From the records that follow, copy every line in which "image" appears.

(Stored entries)
- - - - - - -

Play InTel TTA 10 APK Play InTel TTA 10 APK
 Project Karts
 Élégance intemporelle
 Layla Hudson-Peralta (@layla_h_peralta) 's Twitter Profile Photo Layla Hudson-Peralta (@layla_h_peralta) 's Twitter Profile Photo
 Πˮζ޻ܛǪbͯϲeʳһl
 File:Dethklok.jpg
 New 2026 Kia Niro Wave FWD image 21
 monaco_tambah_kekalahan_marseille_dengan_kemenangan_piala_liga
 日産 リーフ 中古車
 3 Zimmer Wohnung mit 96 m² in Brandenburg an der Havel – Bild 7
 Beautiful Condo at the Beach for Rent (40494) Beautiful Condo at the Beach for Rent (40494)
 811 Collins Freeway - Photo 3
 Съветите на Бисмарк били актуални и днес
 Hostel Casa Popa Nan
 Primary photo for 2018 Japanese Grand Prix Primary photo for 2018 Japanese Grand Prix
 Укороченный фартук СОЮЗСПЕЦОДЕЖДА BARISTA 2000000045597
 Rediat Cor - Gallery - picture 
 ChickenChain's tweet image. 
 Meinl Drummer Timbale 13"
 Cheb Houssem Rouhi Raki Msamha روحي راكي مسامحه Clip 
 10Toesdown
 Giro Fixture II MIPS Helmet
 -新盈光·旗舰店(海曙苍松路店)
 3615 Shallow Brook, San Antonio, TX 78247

- - - - - - -

_RESPONSE TO THIS EXERCISE:_
 New 2026 Kia Niro Wave FWD image 21
 ChickenChain's tweet image. 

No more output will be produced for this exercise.